In terms of other events this year I did two speaking engagements. First a TED talk in Miami which was fun but mostly just discussing AI and AGI at a popular-science-ish level, and secondly I presented at the post-AGI workshop in San Diego for NeurIPS. This one was really fun and a great excuse to be maximally speculative. This presentation gave me a real push to finally condense and write up my vaguely formed thoughts which became the latest series of posts – so this was good!

This year I also travelled a lot more than in prior years averaging roughly one trip per month, mostly for work. This is a lot of travel and was both fun but also tiring and took up a lot of time. It is certainly fun going around and seeing various places, especially in the US which I had not explored before but at the same time the logistics of travel make it very hard to be productive which I have always found requires long periods just thinking and working in the same place without too much interruption. One advantage travel does have though is that airplanes are fantastic places to try to write annoying blog posts you have never found time to get around too. However this only works if you mostly know what you want to say. Doing original deep thought with a packed travel schedule seems very difficult if not impossible. The plane-written blog posts are mostly reaping and not sowing. There is certainly some kind of general tradeoff, at least for me, between experiencing and contemplating. If your schedule is packed with travel and work and you get a huge amount of input, however properly digesting and processing that input requires time of contemplation with little input. Perhaps I am just rederiving the super basic idea that rest is important, even for productivity over the long haul, but this has been interesting for me to see play out over the past few years. I never had this problem during my PhD when I was just mostly sitting at home all day reading papers and thinking. But now there is a real tradeoff. The ideal schedule seems to be something like perhaps 3-6 months of serious high paced works, perhaps interspersed with small few-days blocks of contemplation then a big 2-4 week holiday/contemplation block at the end to really try to pull everything together. Insights also require times of serendipity where you can just explore without being pressed in with obligations and always happen to me at the weirdest times. I’m not sure how to optimize these further really. The Christmas/New Year’s break always forms one such contemplative block for me but there also needs to be a similar one in the summer.

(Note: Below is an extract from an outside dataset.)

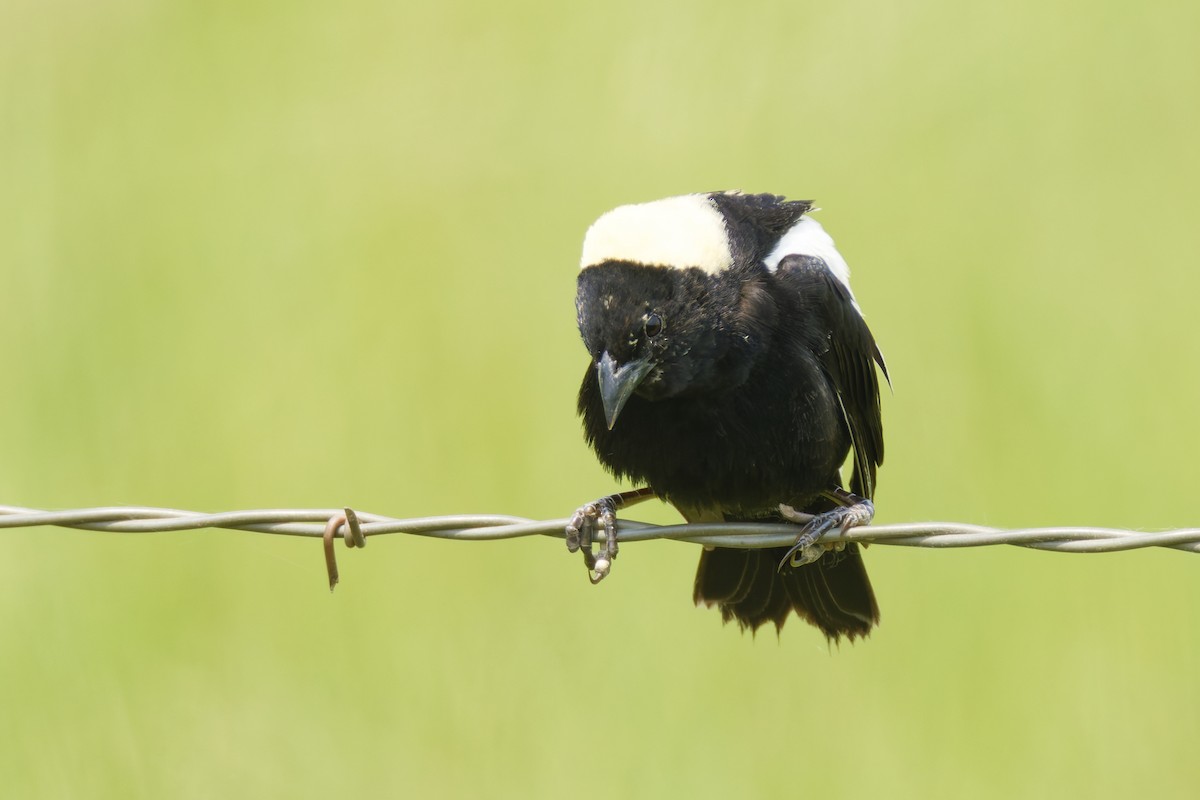 Bobolink - ML646088931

  1. Also, there was a global pandemic waiting in the wings. 

  2. In my own opinion. 

  3. Which I actually failed to predict. I thought it would be some RL MCTS style approach. Somehow LLM MCTS still doesn’t seem to work and we are stuck with embarrassingly simple algorithms like PPO/GRPO. 

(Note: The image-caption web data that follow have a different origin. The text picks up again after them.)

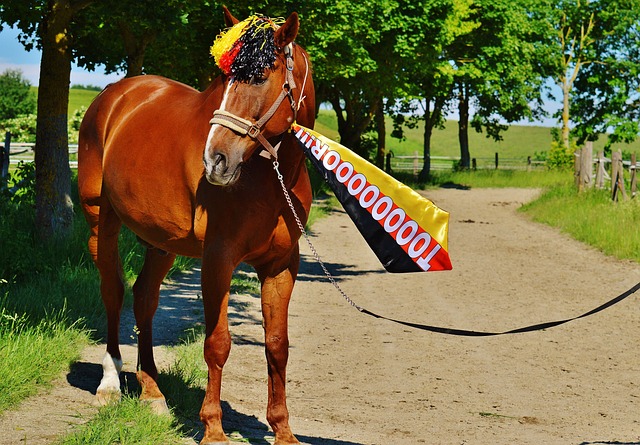 更适合他们 更适合他们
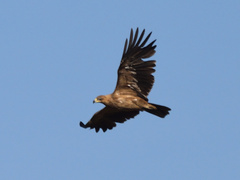 Aquila rapax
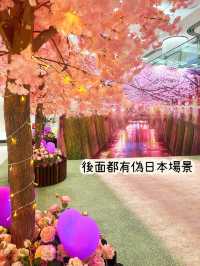 ⭐️原來係最後一日😱黃埔「5月限定櫻花🌸の旅」
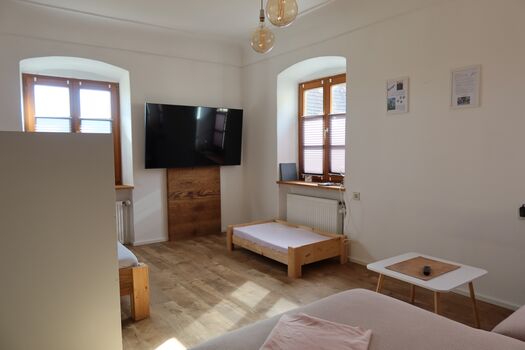 ein großer Fernseher und ein orthopädisches Hundebett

  4. I continue to maintain that the synthesis of theory and practice is vital to the discovery of good ideas, and that in general it is extremely rare just because of the tails coming apart and the intersection of people who can execute things in the real world and people who can do abstract theoretical analyses of things is very small since these two abilities are surprisingly (!) uncorrelated. My status here is as the jack of all trades who is not amazing at either but is somehow seemingly decent at both. 

  5. I reached the big 3-0 this year (AAAH). 

  6. Honestly my suspicion is that tails come apart explains most of this as well as that true intellectual curiosity is both rare and not that impactful, in that people can easily ascend the highest levels of various domains without it. 

  7. We will have to see how zyphra turns out to know whether this was a mistake or not in retrospect.